Conséquences du non-respect de la Directive "Services" par le Code déontologie des professionnels de l'expertise comptable. D'abord, le Conseil d'Etat, qui avait sursis à statuer dans l'attente de la réponse de la CJUE, devra tirer les conséquences qui s'imposent à lui de la réponse ainsi donnée, et donc déclarer la disposition litigieuse illégale. Les autorités devront, par la suite, édicter de nouvelles dispositions encadrant le démarchage de clients par les experts-comptables.

Or, ne nous y trompons pas, ce que la CJUE a censuré en des termes fort explicites est l'interdiction totale de démarcher. Le droit national peut donc tout à fait encadrer la communication commerciale, et par conséquent la restreindre, y apporter des limites.
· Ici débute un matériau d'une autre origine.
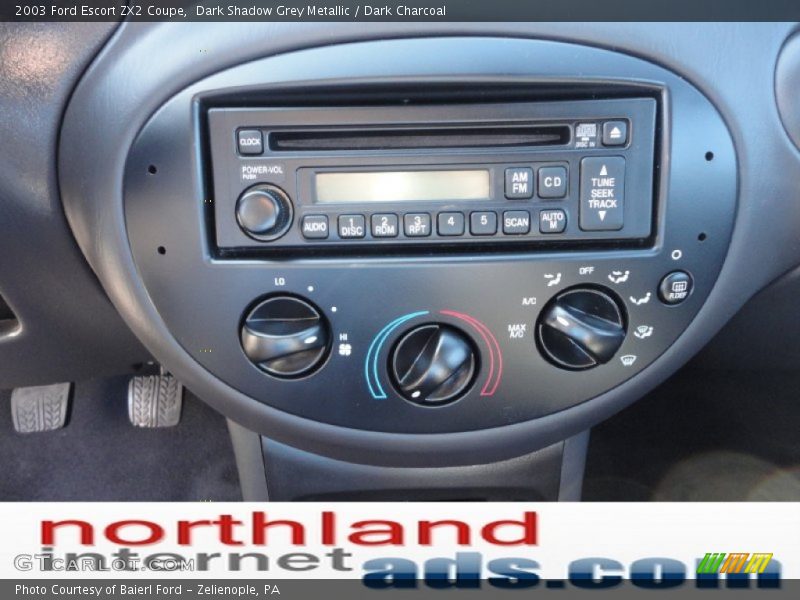 Dark Shadow Grey Metallic / Dark Charcoal 2003 Ford Escort ZX2 Coupe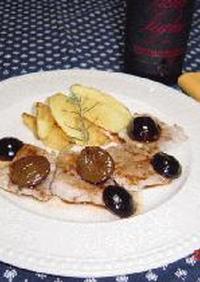 豚ヒレ肉のソテー　バルサミコ酢と葡萄のソース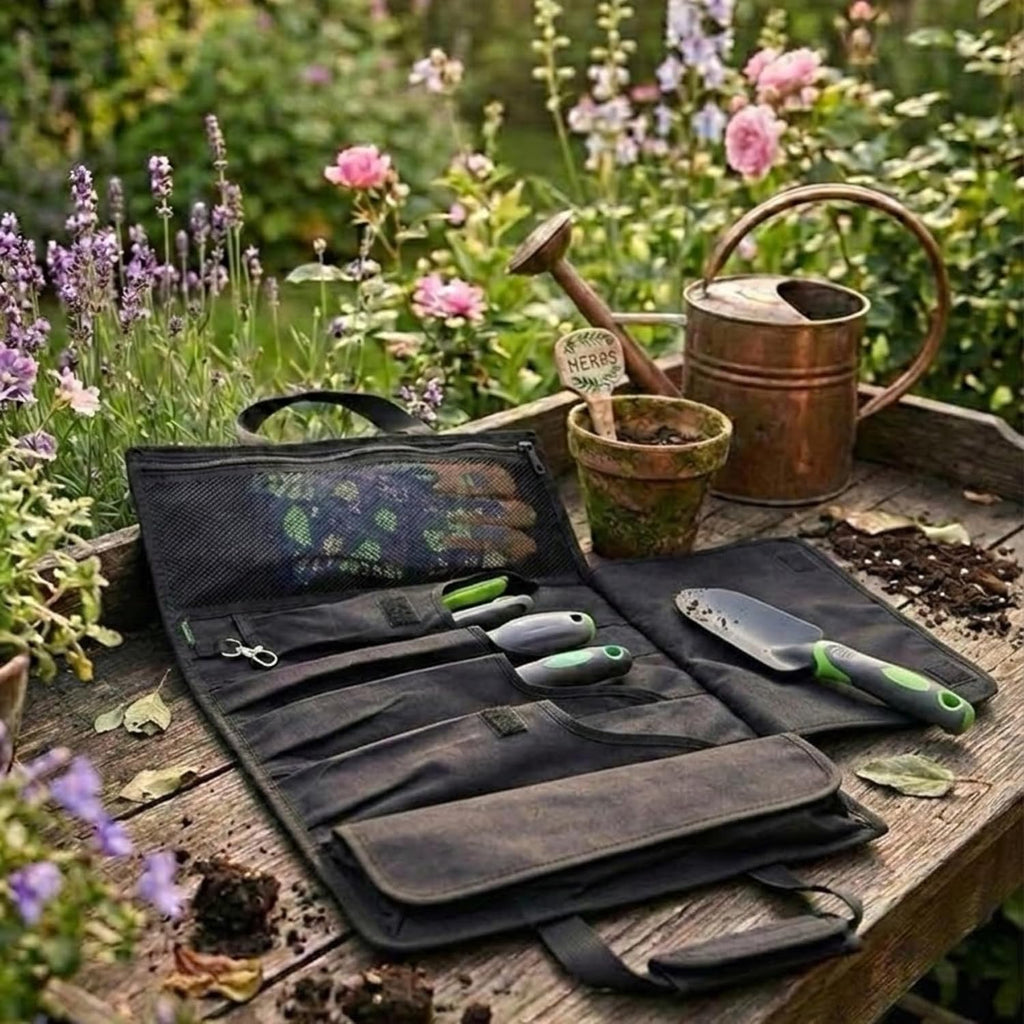 OGRE Roll-Up Garden Tool Bag Only, Heavy-Duty Organizer with 6 Pockets | 900D polyester, water resistant, lays flat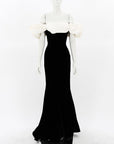 Rachel Gilbert 'Virgo' Stretch Velvet Gown Size 0 | AU 6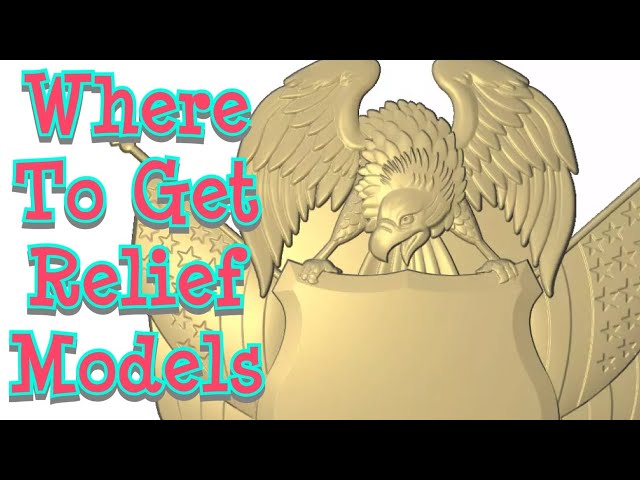Where to get 3d relief models for your CNC router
Si la CJUE prohibe l'interdiction totale d'effectuer des actes de démarchage pour les experts-comptables, elle ne procède pas pour autant à une libéralisation totale du démarchage. Alors, quelles sont les limites légitimes et légales qui pourront y être apportées ? Et bien, la réponse à cette question découle directement du droit de l'Union et plus précisément de la Directive "Services", dont l'article 24 prévoit que les communications commerciales faites par les professions réglementées doivent respecter les règles professionnelles, conformes au droit communautaire, qui visent notamment l'indépendance, la dignité et l'intégrité de la profession ainsi que le secret professionnel. On le voit, la marge de manoeuvre de ceux à qui il reviendra de réécrire cette disposition du Code de déontologie des professionnels de l'expertise comptable, à savoir l'ordre des experts-comptables, est suffisamment large pour prévoir des garde-fous et empêcher une libéralisation totale du démarchage qui contreviendrait assurément à l'indépendance des membres de cette profession. L'expert-comptable étant chargé de contrôler la comptabilité d'entreprises et d'organismes auxquels il n'est pas lié par un contrat de travail ainsi que d'attester la régularité et la sincérité des comptes de résultats de ces entreprises ou de ces organismes, il est indispensable que ce professionnel ne soit suspecté d'aucune complaisance vis-à-vis de ses clients.
Les restrictions apportées à la liberté de démarcher de nouveaux clients devront donc être strictement proportionnées au but poursuivi qui réside dans le respect des principes professionnels d'indépendance, de dignité et d'intégrité.

Enfin, l'arrêt du 5 avril 2011 est important car le principe ainsi posé de la non-conformité au droit communautaire de dispositions qui interdisent totalement le démarchage aux professions réglementées a vocation à s'appliquer à d'autres professions réglementées qui connaîtraient un sort identique. On pense évidemment tout de suite aux avocats pour lesquels l'article 66-4 de la loi du 31 décembre 1971 (loi n° 71-1130, portant réforme de certaines professions judiciaires et juridiques N° Lexbase : L6343AGZ), le décret du 25 août 1972 (décret n° 72-785 relatif au démarchage et à la publicité en matière de consultation et de rédaction d'actes juridiques N° Lexbase : L6642BHH ) et l'article 10-2 du RIN (N° Lexbase : L4063IP8) prohibent tout acte de démarchage, en quelque domaine que ce soit, et toute offre de service personnalisée adressée à un client potentiel. Il s'agit bien là d'une interdiction totale incompatible avec l'article 24 de la Directive "Services" !


(1) Cf., déjà en ce sens, CJCE, 10 mai 1995, C-384/93, points 28 et 38 (N° Lexbase : A1645AWT).